The latest HMS Queen Elizabeth story
HMS Queen Elizabeth, the navy's new carrier, has been undergoing her sea trials.
The purpose of sea trials is to deliberately put the hull and sailing systems of a new ship under extreme pressure to try to find faults so you can fix them before putting the ship into normal service. It is most unusual not to find any minor faults at this stage. Sure enough, there have been one or two comparatively minor issues. According to a Royal Navy spokesman,
“An issue with a shaft seal has been identified during HMS Queen Elizabeth’s sea trials; this is scheduled for repair while she is alongside at Portsmouth. It does not prevent her from sailing again and her sea trials programme will not be affected.”
According to The Sun newspaper,
“A faulty seal around one of the vast warship’s propeller shafts means 200 litres of sea water pour in every hour.”

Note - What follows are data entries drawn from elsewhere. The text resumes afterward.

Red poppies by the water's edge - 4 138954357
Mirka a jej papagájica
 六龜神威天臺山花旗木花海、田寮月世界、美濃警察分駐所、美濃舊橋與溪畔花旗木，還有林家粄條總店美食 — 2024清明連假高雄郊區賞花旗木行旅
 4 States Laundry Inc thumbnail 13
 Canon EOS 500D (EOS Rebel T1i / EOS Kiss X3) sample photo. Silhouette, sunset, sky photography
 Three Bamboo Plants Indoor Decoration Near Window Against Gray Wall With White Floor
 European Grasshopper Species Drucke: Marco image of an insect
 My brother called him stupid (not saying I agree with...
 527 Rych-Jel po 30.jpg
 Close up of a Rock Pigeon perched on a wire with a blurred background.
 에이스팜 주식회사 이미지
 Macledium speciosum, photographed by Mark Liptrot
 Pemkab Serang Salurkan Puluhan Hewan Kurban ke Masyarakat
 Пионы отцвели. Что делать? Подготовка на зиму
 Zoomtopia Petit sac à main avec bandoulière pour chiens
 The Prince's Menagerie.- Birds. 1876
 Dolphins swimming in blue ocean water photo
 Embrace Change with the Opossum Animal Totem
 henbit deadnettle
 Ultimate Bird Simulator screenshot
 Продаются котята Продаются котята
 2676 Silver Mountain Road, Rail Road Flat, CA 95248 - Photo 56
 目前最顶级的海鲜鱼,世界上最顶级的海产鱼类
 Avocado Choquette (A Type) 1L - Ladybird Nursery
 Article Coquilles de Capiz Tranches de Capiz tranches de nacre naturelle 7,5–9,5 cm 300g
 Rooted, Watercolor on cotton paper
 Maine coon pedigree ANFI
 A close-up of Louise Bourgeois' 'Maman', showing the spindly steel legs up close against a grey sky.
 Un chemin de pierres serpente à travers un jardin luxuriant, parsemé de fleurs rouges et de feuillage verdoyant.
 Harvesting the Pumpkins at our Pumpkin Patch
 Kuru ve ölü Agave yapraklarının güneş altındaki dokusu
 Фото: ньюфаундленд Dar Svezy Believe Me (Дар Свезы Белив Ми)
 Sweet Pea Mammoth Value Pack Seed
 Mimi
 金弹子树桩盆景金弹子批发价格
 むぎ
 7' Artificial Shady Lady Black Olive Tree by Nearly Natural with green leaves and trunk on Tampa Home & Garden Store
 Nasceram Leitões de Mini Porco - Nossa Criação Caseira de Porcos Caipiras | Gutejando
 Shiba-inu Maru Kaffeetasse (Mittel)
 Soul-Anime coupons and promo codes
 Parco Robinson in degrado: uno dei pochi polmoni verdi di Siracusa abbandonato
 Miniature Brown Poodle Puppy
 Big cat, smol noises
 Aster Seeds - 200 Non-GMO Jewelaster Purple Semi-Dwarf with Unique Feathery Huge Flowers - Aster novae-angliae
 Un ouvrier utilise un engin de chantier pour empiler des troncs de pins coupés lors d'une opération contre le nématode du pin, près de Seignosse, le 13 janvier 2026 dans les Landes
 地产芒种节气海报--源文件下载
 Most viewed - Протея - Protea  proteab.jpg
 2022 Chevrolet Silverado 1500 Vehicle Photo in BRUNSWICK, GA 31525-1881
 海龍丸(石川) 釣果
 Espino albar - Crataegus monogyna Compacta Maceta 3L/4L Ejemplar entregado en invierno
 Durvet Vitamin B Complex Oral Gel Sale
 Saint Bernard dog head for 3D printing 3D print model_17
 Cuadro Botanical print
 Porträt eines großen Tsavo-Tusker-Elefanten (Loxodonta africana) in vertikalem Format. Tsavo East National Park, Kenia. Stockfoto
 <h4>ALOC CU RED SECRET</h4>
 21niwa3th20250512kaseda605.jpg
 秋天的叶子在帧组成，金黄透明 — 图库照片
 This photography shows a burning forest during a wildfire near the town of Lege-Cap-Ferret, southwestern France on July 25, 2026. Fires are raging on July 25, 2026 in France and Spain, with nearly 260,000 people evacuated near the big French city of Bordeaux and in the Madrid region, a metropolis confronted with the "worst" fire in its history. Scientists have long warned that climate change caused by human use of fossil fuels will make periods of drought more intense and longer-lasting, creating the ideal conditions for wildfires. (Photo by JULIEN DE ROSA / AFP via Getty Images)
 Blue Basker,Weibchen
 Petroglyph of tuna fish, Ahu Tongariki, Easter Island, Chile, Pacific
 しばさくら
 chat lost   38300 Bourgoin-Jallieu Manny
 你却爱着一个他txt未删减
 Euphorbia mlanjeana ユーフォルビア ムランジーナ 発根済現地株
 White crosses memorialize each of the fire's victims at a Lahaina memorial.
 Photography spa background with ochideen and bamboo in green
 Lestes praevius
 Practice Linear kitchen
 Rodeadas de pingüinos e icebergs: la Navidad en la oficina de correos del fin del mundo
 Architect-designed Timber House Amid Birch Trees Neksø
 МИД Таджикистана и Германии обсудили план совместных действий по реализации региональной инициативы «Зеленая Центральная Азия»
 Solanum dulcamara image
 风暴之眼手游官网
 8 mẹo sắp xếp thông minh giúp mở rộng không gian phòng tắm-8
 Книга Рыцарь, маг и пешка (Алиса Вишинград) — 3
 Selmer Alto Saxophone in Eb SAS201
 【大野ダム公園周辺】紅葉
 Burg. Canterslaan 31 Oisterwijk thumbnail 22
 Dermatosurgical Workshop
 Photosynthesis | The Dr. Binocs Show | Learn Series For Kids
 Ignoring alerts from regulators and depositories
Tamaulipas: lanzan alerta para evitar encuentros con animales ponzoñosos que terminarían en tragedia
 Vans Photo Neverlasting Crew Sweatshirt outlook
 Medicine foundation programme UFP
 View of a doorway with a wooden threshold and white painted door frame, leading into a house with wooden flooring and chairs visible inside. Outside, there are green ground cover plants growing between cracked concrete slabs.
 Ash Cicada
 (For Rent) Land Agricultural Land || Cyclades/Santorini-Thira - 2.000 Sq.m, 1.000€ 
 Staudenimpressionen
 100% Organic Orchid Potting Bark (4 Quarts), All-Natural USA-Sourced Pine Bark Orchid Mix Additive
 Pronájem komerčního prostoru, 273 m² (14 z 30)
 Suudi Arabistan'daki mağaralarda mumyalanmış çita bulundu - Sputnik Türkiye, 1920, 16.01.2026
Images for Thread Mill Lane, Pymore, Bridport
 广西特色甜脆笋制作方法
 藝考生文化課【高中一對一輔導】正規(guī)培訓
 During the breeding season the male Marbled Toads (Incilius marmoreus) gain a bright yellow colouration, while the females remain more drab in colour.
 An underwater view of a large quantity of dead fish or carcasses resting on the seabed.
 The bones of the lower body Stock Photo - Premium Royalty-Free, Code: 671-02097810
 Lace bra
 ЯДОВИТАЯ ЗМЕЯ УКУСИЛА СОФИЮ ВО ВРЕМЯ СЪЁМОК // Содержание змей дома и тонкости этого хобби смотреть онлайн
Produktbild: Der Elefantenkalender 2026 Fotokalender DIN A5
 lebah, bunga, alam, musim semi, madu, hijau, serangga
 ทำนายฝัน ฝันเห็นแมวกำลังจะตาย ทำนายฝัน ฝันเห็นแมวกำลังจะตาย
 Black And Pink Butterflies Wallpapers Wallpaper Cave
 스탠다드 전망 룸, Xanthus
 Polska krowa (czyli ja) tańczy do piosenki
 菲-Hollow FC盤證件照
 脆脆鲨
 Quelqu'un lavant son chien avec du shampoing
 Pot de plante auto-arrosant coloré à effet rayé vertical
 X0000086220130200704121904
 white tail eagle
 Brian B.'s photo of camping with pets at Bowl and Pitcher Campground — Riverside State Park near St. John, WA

I don't know how much water the taps in the bathrooms of Sun, Mail or Express journalists deliver, but the taps in the bath in my house could fill it a lot more than twice in an hour. So if the Sun figures are accurate, this leak is rather less powerful than the flow from the taps of a typical bath. By my calculations that flow of water would take of the order of magnitude of perhaps three months to deliver water equivalent to one percent of HMS Queen Elizabeth's 60,000 tonne displacement - that's if all her pumps had stopped working.
The pumps on a typical narrow boat on Britain's canals such as you might hire to take your family for a week's holiday, by the way, can handle a thousand litres an hour. The navy says that the carrier's pumps are clearing this relatively trivial flow of water with no difficulty and despite what one or two egregiously ill-informed hacks have written, she certainly isn't sinking.
There is a good comparison between the issues found to date on the Queen Elizabeth's sea trials and those of previous RN ships and of other navies on the "Thin pinstriped line" blog here.
Admiral Chris Parry told Sky News the leak was a non-issue:
“Every ship, to tell you the truth, takes on water that’s why you have pumps. What people have to realise is the whole reason for sea trials is that you race and rally the ship, you stress it right to its extremes, and you’re really looking for faults like this to see what happens. You get this all the time, you’ve got very complicated engineering under the water, it’s operating obviously at sea and every yachtsman will tell you they take in water somewhere, that’s what you’ve got pumps for, that’s why you have dedicated engineers, it really is no big deal I have to tell you.”
Don't get me started on all the rubbish written about whether these carriers will have jet aircraft when they are fully operational. Of course they will.
It does rather make me wonder why Vladimir Putin bothers to waste millions of roubles extracted from Russian taxpayers on running the RT and Sputnik "news channels" to denigrate the United Kingdom. Some of our own journalists are doing a far more effective job and he doesn't have to pay them.